WORK ORDER: Return the data verbatim, without pictures.

RECORDS SHOWN:

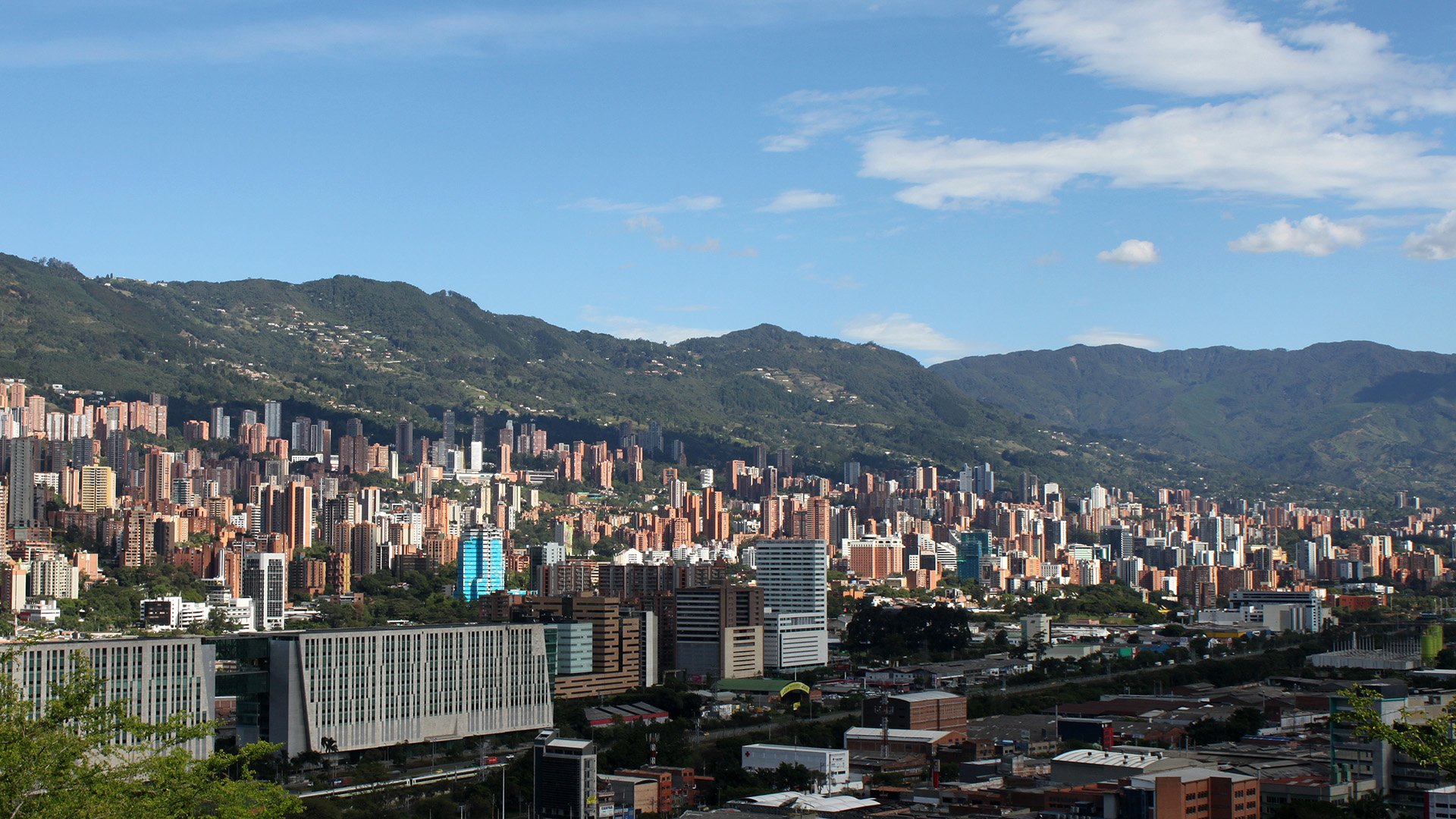 Panoramica_ciudad_del_rio_coninsa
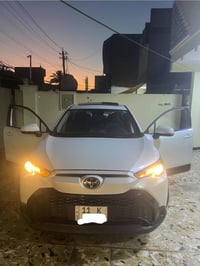 تويوتا فوت لاندر موديل 2025 مثل ما موضحه بالصور محرك 2000 ماشيه 8300 س...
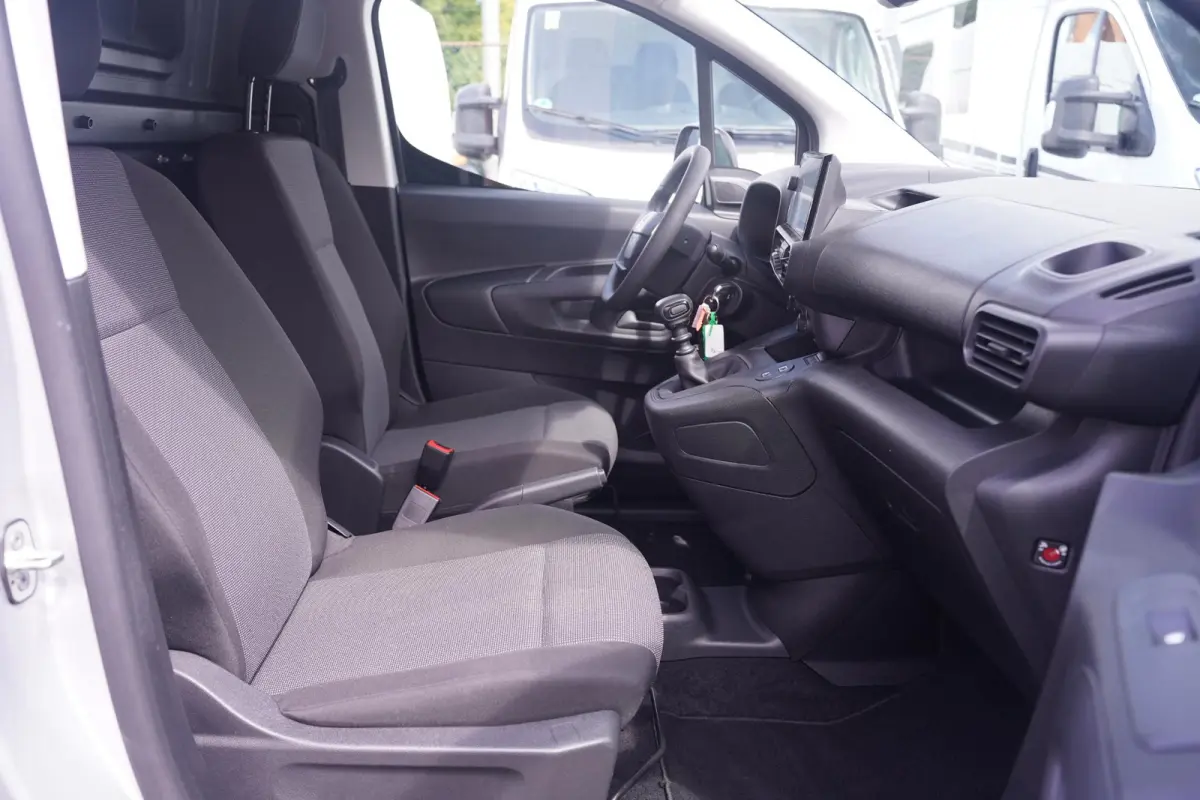 1.5 BlueHDi 102 pk L1 Airco, Camera achter Apple Carplay, NAP, Laadruimte Pakket, PDC achter, 2-Zits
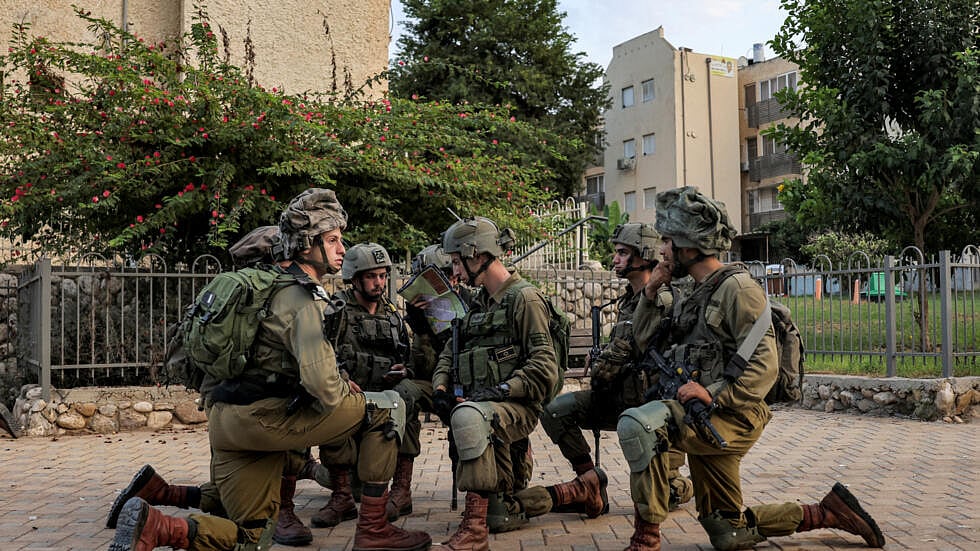 इजरायली सैनिकों ने गाजा पट्टी में जमीनी अभियान तेज किया, दर्जनों लोगों को मौत के घाट उतारा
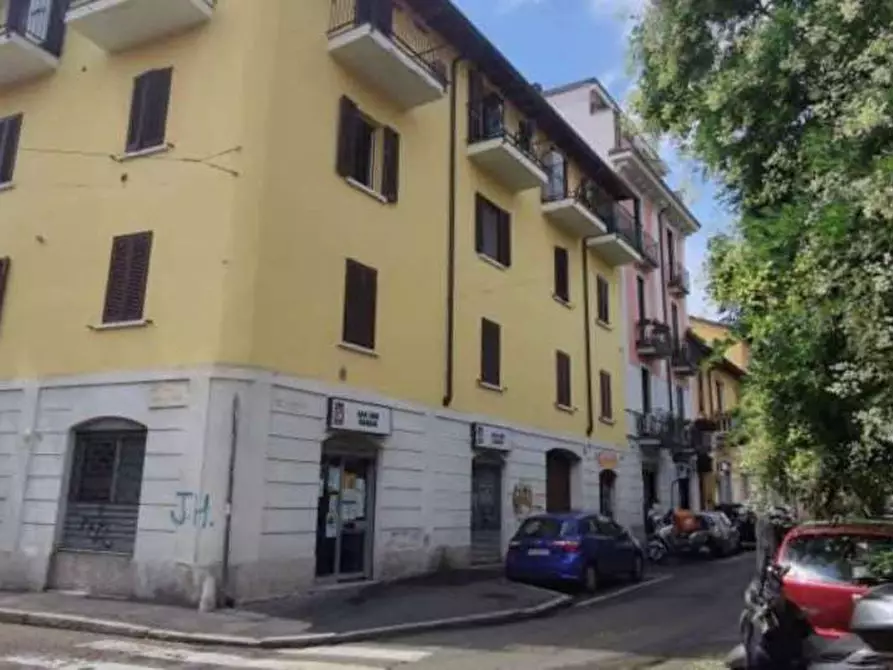 appartamento in vendita a Milano in zona Baggio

WRITTEN ANSWER:
 Panoramica_ciudad_del_rio_coninsa
 تويوتا فوت لاندر موديل 2025 مثل ما موضحه بالصور محرك 2000 ماشيه 8300 س...
 1.5 BlueHDi 102 pk L1 Airco, Camera achter Apple Carplay, NAP, Laadruimte Pakket, PDC achter, 2-Zits
 इजरायली सैनिकों ने गाजा पट्टी में जमीनी अभियान तेज किया, दर्जनों लोगों को मौत के घाट उतारा
 appartamento in vendita a Milano in zona Baggio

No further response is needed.